# Outsourcing Woodworking



## woodworker33 (Mar 11, 2014)

I handcraft small home decor wood products and recently my business is starting to grow but I'm finding myself hard to keep up with the demand. I am in Los Angeles, I was wondering if someone can recommend a CNC or hand woodworking place that I can outsource some of my work to. I'd prefer a local place, but also consider places within the US.

Thanks in advance!


----------



## ArlinEastman (May 22, 2011)

Just want kind of work are your requiring? I think these guys would want to know.

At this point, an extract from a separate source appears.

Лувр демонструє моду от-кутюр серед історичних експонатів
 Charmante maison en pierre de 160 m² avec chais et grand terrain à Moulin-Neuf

I do not do any flat work just turning which is wonderful to do.


----------



## JAAune (Jan 22, 2012)

My company does CNC and laser work for other woodshops (mostly guitar parts at the moment) but we're located far away in Illinois. I'm sure there are others doing the same in California but I wouldn't know who they are.

Check 100Kgarages.com and see if any wood fab shops come up in your area. Alternatively, contact ShopBot, Universal Laser and Epilog to see if they can forward you to shops that might do the work you need.


----------



## DLCW (Feb 18, 2011)

woodworker33,

I do this type of work all the time for other businesses. What type of cutting/milling/machining are you looking to have done?

i am located in northeastern WA state. I can set up very reasonable shipping if the quantities are there.

Don


----------